◆ The task
Leave the pictures out. Retype exactly the lines below from the one containing "91家纺网 家纺一手货源 找家纺" through the one containing "Photo 3 of 4", and no others.

◆ Exercise data
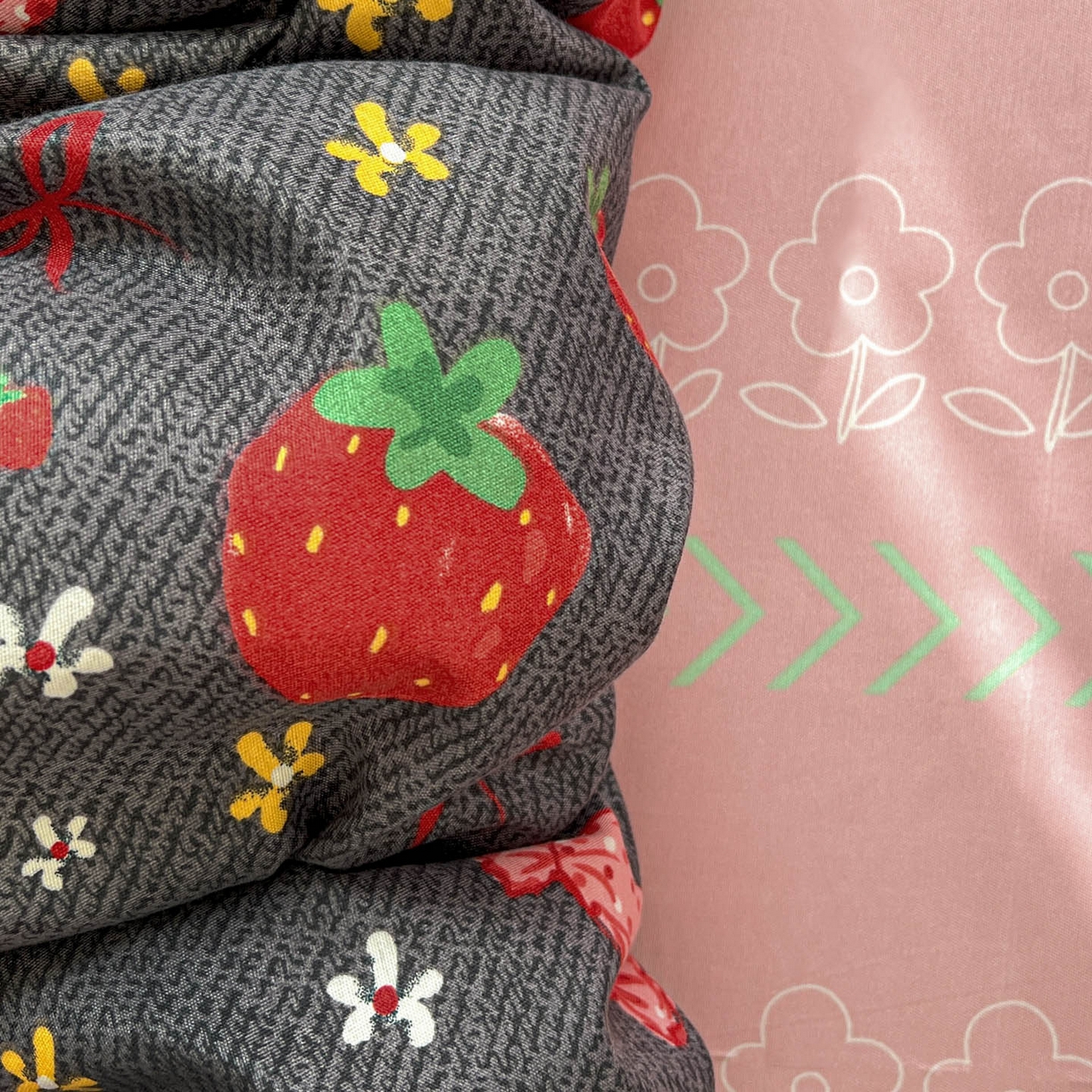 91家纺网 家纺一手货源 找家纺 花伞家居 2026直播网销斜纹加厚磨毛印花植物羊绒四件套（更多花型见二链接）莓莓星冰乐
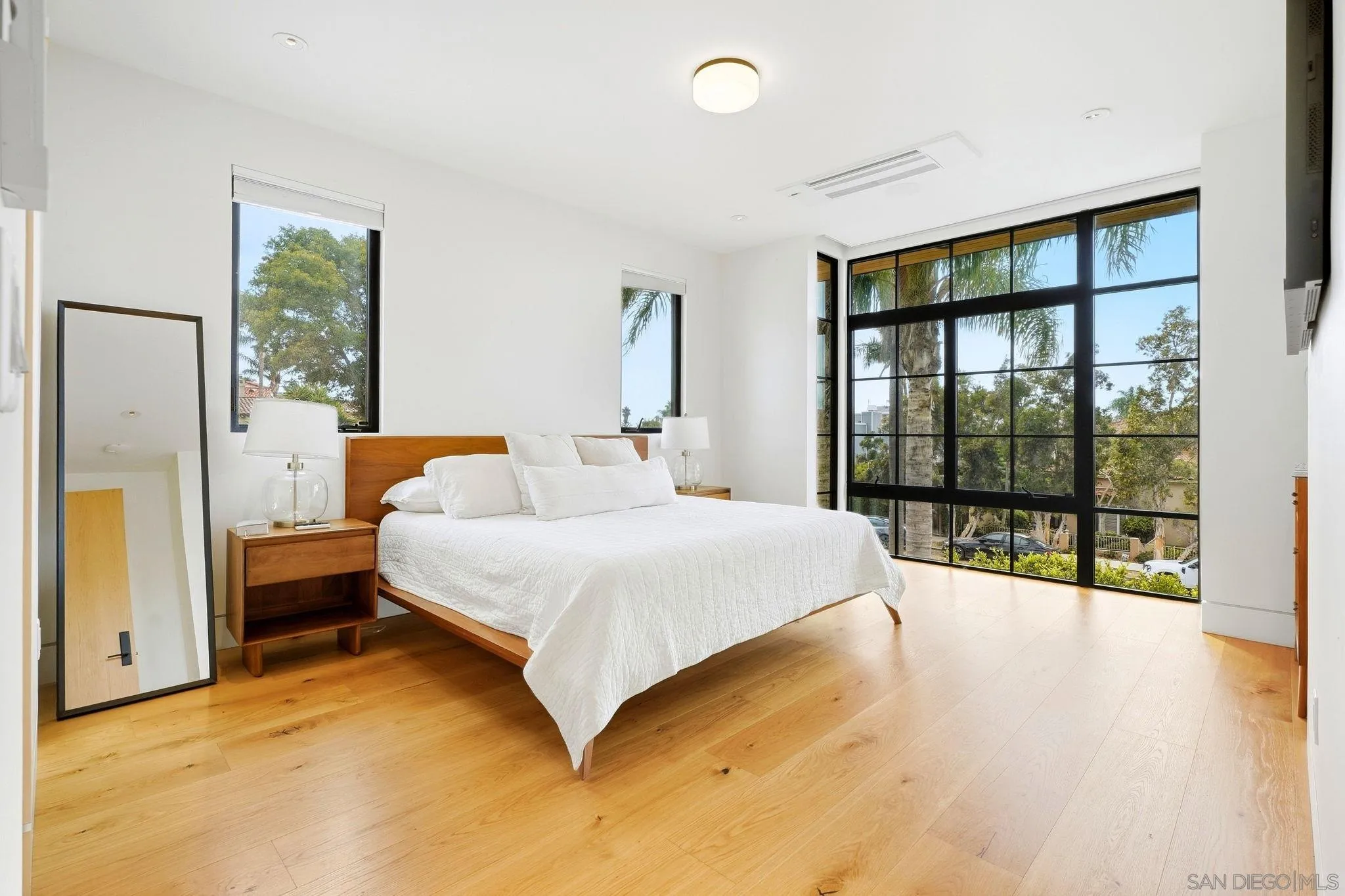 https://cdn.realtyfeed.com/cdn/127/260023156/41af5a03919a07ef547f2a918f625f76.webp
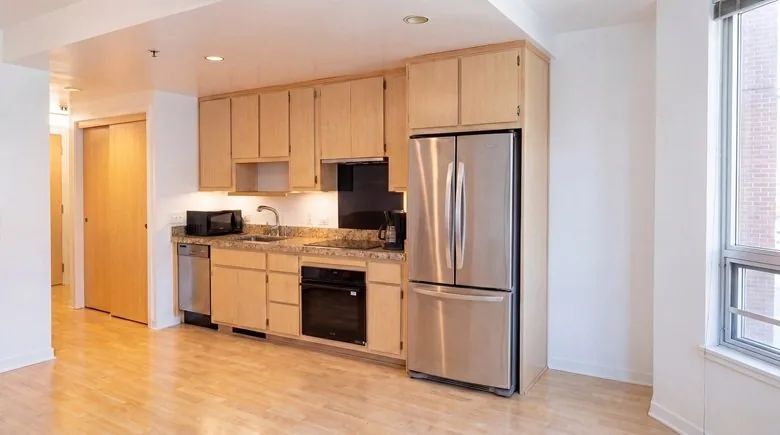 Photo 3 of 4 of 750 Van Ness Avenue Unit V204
...
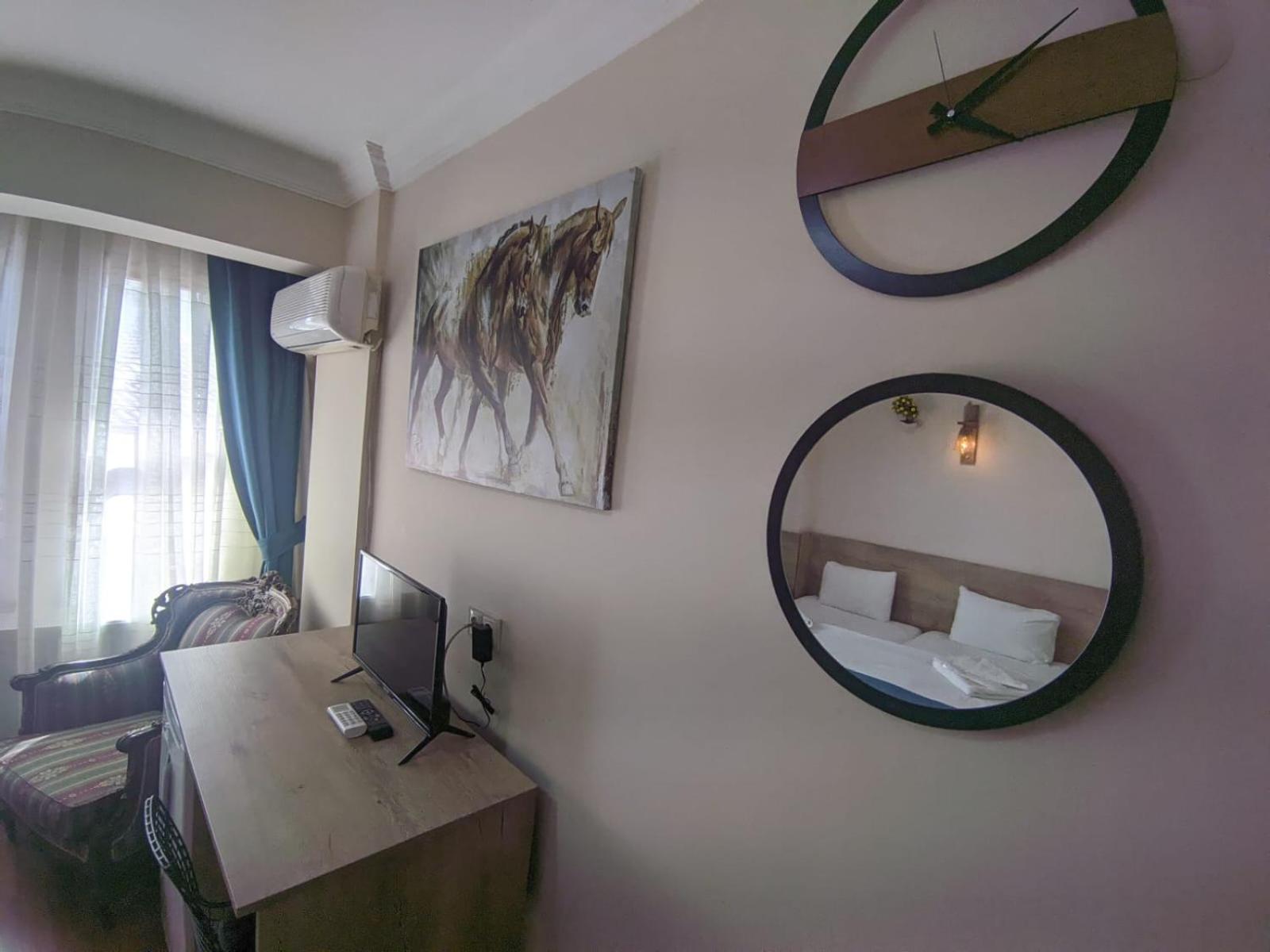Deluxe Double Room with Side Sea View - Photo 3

◆ Written answer
 91家纺网 家纺一手货源 找家纺 花伞家居 2026直播网销斜纹加厚磨毛印花植物羊绒四件套（更多花型见二链接）莓莓星冰乐
 https://cdn.realtyfeed.com/cdn/127/260023156/41af5a03919a07ef547f2a918f625f76.webp
 Photo 3 of 4 of 750 Van Ness Avenue Unit V204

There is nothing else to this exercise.